Should the listing contain images, exclude them; give the rest again exactly.

(MATERIAL PROVIDED begins)

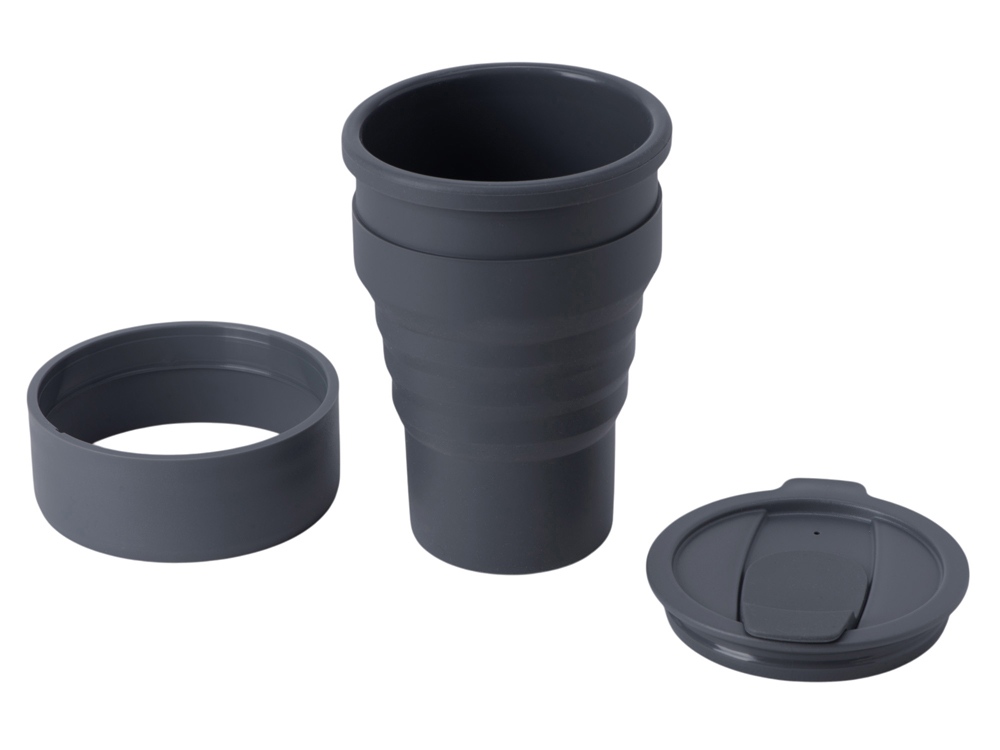 Силиконовый складной стакан GoCup, темно-серый-2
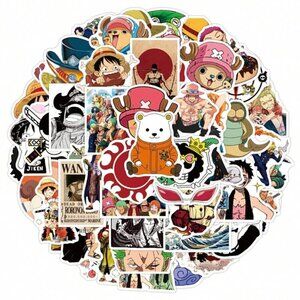 50 Pcs/Set One Piece  Hot Anime Stickers No Traces  Off Waterproof PVC Material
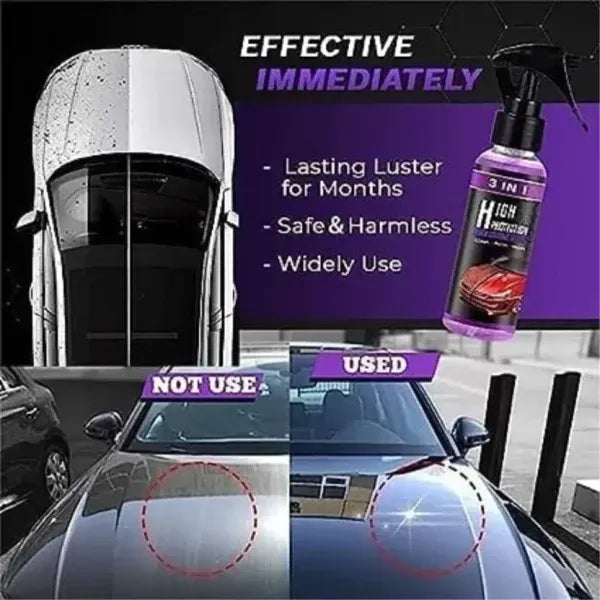 High Protection Quick Car Coat Ceramic 3 In 1 Coating Spray (120 ML) BUY ONE GET ONE FREE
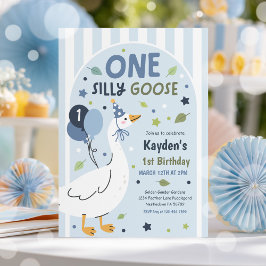 One Silly Goose 1st Birthday Party Spring Birthday Kaart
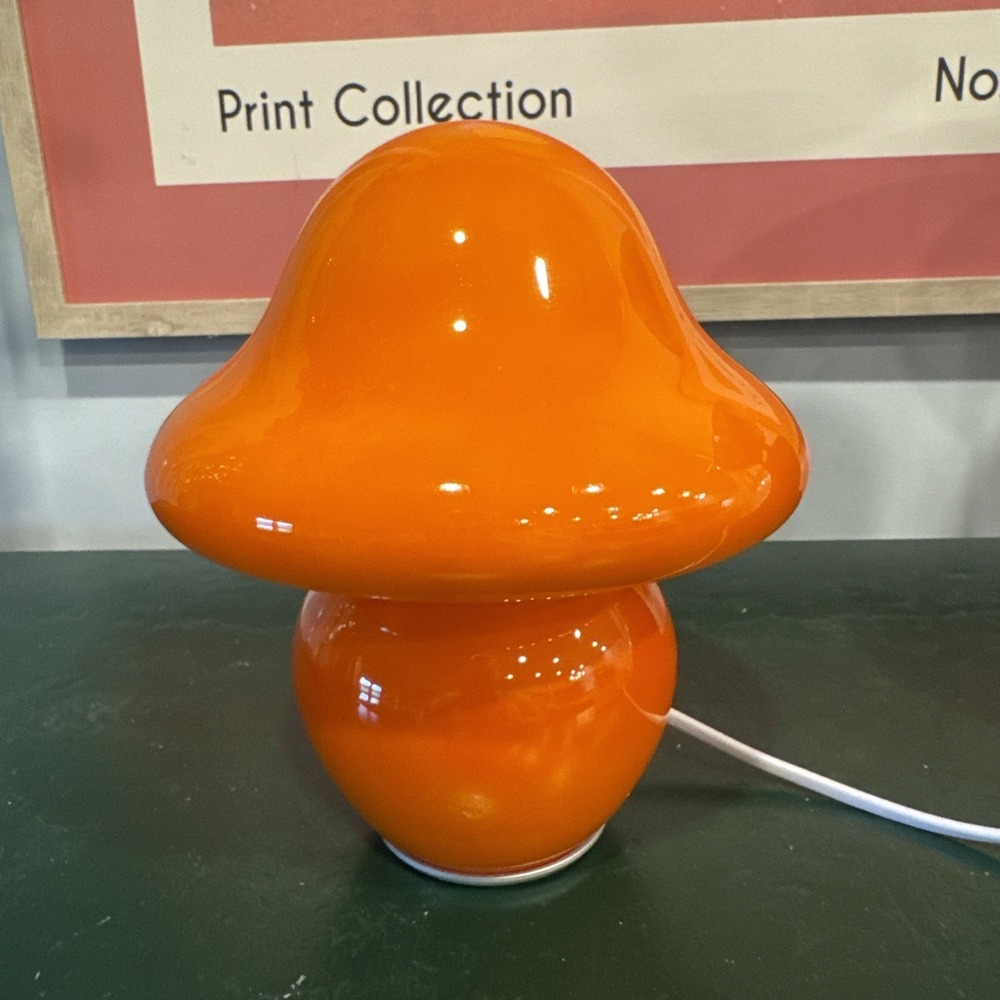 Mushroom Lamp Orange Glass Mushroom Table Lamp for Bedrooms, Living Room, Aes...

(MATERIAL PROVIDED ends)

• _RESPONSE TO THIS EXERCISE_:
 Силиконовый складной стакан GoCup, темно-серый-2
 50 Pcs/Set One Piece  Hot Anime Stickers No Traces  Off Waterproof PVC Material
 High Protection Quick Car Coat Ceramic 3 In 1 Coating Spray (120 ML) BUY ONE GET ONE FREE
 One Silly Goose 1st Birthday Party Spring Birthday Kaart
 Mushroom Lamp Orange Glass Mushroom Table Lamp for Bedrooms, Living Room, Aes...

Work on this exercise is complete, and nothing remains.